As we can see from these histograms, the data tends to trend in the area of being a low intensity image, meaning the image is darker or contains several dark areas. Although there are two histograms that are trending in the mid-tonal intensity range. In order to improve this and make the image more easy to analyze and distinguish different feature, would be to apply a contrast stretch. This stretches the image data along the x axis allowing for more even tones.

For the image statistics I chose to use scatter plot graphs.

From these scatter plats we can see that the areas where the blue line is more concentrated is in the lower intensity range. Again, if a contrast stretch is done then the image would not be as dark and features could be distinguished slightly better.

Canmore, Alberta Image Histograms and Statistics

The histogram trends are similar to Washington, but in this case there is a lot more concentration at the low intensity area of the graph, meaning there is quite a lot of darkness in the image. In this case again, applying a contrast stretch would allow those low intensity areas to be stretched out over the x-axis and stretches the values along the full range of pixel values. This was the resulted image is less harsh and the values are not stretched too far where the image would not long be able to distinguish features.

I would chose a contrast stretch for both of these images, rather than a histogram equalization that only apply a linear scaling function to the pixel values, but provides a harsh image as a result.

Scatter Plots

Once again these scatter plats are showing, from the concentration of the blue line, that these are low level intensity images and again, a contrast stretch would help to distribute the pixel values along the x-axis.
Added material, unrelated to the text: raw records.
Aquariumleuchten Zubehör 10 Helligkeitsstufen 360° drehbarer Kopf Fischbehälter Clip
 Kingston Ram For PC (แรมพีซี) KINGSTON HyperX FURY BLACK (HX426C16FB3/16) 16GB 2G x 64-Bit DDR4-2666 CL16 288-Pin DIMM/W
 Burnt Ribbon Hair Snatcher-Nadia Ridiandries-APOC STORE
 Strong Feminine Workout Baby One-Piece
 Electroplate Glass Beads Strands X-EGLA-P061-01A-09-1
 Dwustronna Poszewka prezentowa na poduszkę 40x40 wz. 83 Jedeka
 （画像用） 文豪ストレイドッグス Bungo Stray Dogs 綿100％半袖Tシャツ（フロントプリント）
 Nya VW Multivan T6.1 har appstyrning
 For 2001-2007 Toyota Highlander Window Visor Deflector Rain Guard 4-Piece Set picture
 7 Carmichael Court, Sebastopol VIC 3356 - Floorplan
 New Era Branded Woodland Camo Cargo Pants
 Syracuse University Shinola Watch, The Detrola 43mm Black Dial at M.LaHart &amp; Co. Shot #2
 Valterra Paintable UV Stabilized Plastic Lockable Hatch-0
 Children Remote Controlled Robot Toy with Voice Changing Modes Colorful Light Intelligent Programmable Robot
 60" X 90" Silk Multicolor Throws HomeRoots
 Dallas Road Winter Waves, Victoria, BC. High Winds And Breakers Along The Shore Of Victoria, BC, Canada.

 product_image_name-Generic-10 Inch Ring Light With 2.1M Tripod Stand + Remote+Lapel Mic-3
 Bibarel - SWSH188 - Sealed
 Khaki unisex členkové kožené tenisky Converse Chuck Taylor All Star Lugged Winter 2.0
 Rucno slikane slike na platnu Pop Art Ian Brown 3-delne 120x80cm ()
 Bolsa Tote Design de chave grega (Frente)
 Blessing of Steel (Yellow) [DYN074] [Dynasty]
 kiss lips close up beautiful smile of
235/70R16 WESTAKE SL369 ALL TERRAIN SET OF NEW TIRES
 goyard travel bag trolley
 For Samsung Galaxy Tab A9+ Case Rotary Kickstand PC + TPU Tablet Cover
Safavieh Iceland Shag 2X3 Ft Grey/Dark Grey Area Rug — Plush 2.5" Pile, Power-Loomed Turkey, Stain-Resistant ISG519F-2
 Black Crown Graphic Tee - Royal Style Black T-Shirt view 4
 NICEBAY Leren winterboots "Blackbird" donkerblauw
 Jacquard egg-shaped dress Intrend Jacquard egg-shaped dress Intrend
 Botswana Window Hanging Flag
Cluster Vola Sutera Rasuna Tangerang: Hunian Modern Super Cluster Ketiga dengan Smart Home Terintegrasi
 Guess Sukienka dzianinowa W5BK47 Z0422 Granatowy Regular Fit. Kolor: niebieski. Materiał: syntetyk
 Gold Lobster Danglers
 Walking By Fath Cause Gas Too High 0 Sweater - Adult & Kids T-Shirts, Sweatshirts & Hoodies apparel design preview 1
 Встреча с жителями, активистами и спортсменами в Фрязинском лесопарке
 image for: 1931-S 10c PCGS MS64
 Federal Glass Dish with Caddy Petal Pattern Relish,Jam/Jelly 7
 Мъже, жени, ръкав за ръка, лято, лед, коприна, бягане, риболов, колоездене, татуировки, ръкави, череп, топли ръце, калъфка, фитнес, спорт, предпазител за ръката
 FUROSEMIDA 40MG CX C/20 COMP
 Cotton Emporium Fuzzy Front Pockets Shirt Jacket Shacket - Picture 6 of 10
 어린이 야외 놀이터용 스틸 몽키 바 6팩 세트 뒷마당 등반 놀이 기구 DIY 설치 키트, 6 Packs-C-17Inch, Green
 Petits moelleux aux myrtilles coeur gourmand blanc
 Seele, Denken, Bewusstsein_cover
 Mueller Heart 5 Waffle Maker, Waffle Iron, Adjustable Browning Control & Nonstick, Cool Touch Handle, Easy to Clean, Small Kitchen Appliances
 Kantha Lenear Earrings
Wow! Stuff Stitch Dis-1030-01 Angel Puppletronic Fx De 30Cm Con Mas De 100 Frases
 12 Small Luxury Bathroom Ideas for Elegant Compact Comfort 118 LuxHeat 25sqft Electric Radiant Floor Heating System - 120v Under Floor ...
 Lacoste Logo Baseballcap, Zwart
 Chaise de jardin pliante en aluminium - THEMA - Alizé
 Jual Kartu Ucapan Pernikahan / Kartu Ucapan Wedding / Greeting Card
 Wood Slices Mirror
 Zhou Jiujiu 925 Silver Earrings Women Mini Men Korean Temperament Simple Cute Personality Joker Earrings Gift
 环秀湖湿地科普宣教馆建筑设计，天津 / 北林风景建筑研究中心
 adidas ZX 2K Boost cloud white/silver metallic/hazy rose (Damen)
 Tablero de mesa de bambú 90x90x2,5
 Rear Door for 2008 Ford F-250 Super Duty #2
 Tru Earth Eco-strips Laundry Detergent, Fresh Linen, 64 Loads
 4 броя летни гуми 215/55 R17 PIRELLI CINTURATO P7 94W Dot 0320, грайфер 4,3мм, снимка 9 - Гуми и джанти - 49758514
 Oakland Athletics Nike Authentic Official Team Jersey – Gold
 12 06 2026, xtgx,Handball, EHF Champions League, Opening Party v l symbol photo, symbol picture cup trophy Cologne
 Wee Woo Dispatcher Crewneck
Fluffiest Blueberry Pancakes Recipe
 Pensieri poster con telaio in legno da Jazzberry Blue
These images are interesting because they show the differences between an older well established city, and a city that is experiencing growth in a extremely difficult environment, that being in a valley of the rocky mountains. More importantly I wanted to focus on the actual satellite imagery and the fact that TM images don't allow one to look at the fine details of cities, much like I had anticipated but was disappointingly disproved. I learned that if I were to be looking at vegetation or needed to measure mountain ranges then this imagery would be useful, but for looking closely at cities, especially if I were to be tracking rate of development and growth, then I would need finer and more powerful satellite imagery.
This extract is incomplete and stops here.